Broadcast Date: April 19, 2017 | 11:00 AM - 12:00 PM CST
View the Webinar
The rapid expansion of the craft distilled spirits sector in the USA and overseas has created excitement and passion amongst producers and consumers alike. With over 1,300 craft distilleries now active in the USA, consumers have an ever-expanding choice of products to choose from. As many distillers hailing originally from the brewing industry, is there the opportunity to translate brewing know-how to the relatively nascent craft distilling sector?
In this webinar, we explore the similarities and differences between the brewing and distilling sectors and tease out the potential mutual learnings are for each sector from the other. For instance, what might the benefits to a distiller be if he/she ferments more akin to a brewing fermentation rather than generally more rapid distilling fermentation regimes? What are the challenges of cross-category products (e.g. beer/spirit mixes) in terms of formulation and shelf-life? We will also consider which spirit production processes most closely align with brewing and consider opportunities for brewing and distilling cooperation.

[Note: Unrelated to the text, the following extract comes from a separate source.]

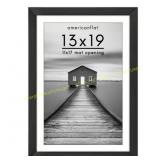 Americanflat 13" x 19" Picture Frame - Black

- Current status of craft distilling in the USA
- Range of distilled spirit production processes
- Similarities and differences between brewing and distilled spirits production
- Conclusion and Q&A session
What attendees will take away:
- The range of elective processes in the distilling industry is greater than for brewing
- Clear understanding of where there is overlap between brewing and spirits sectors
- Have an indication of how brewing science can augment the craft spirits sector
About the Presenter
Oregon State University
After completing a bachelors and PhD in chemistry, Paul Hughes worked for the UK’s Health and Safety Executive for two years. He then spent nine years with the Brewing Research Foundation, followed by six years in the Netherlands as principal scientist with Heineken. After nine years with Heriot-Watt University as director of the International Centre for Brewing and Distilling, Paul moved to Oregon State University in 2015 to establish a distilled spirits program there.